ECLI:NL:RBDHA:2022:10076

Rechtbank Den Haag

Datum uitspraak
3 oktober 2022
Publicatiedatum
3 oktober 2022
Zaaknummer
SGR 21/4400, SGR 21/6679, SGR 21/6680 en SGR 21/6682
Instantie
Rechtbank Den Haag
Type
Uitspraak
Rechtsgebied
Bestuursrecht
Procedures
  • Eerste aanleg - enkelvoudig
Vindplaatsen
  • Rechtspraak.nl
AI samenvatting door LexboostAutomatisch gegenereerd

Beroep tegen besluiten van de minister van Sociale Zaken en Werkgelegenheid inzake terugbetaling lening inburgeringscursus

In deze uitspraak van de Rechtbank Den Haag op 3 oktober 2022, beoordeelt de rechtbank de beroepen van eiser tegen besluiten van de minister van Sociale Zaken en Werkgelegenheid met betrekking tot de terugbetaling van een lening voor een inburgeringscursus. Eiser had een lening van € 8.983,- afgesloten voor de inburgeringscursus, maar de minister besloot dat eiser deze lening moest terugbetalen omdat hij niet op tijd was ingeburgerd. Eiser had geen bezwaar gemaakt tegen het besluit van 1 juli 2020, waarin de terugbetalingsverplichting werd vastgesteld. De rechtbank behandelt de beroepen gezamenlijk op basis van artikel 8:14 van de Algemene Wet Bestuursrecht.

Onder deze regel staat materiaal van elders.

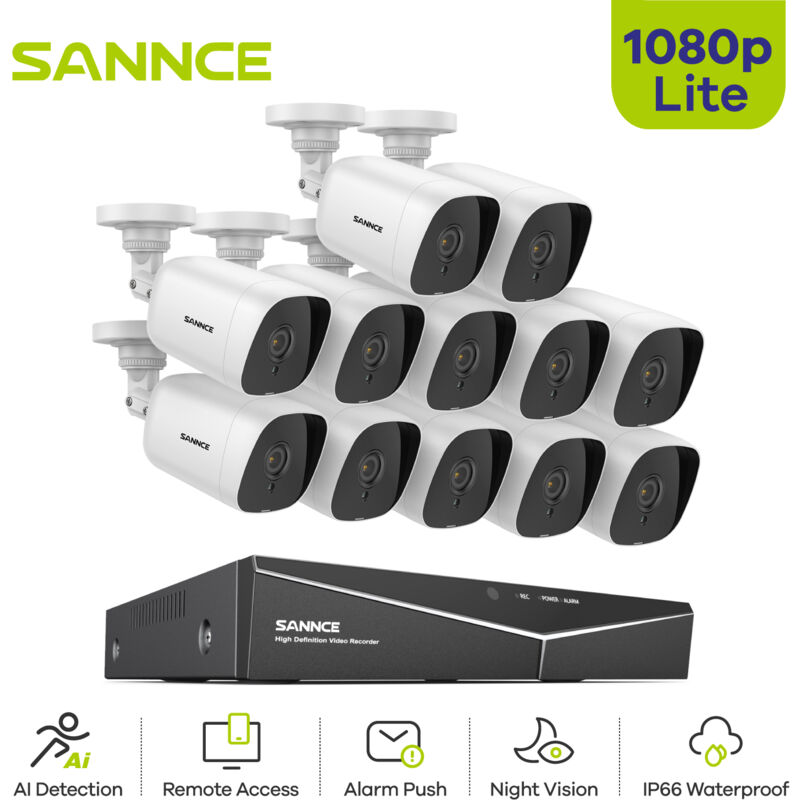 foto del prodotto 1080p 16ch dvr video surveillance kit motion detection ir night vision waterproof remote monitor system sannce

De rechtbank oordeelt dat de besluiten van de minister onzorgvuldig tot stand zijn gekomen en niet voldoende gemotiveerd zijn. De rechtbank vernietigt de besluiten van 21 mei 2021 en 7 september 2021, die betrekking hebben op de terugbetaling van de lening en de boete. De rechtbank stelt vast dat de minister niet alle bijzondere omstandigheden van eiser heeft betrokken in zijn besluitvorming. Eiser had in de laatste maanden van de inburgeringstermijn te maken met persoonlijke omstandigheden die zijn inburgering hebben beïnvloed. De rechtbank oordeelt dat de minister een nieuw besluit moet nemen, waarbij hij rekening houdt met deze omstandigheden.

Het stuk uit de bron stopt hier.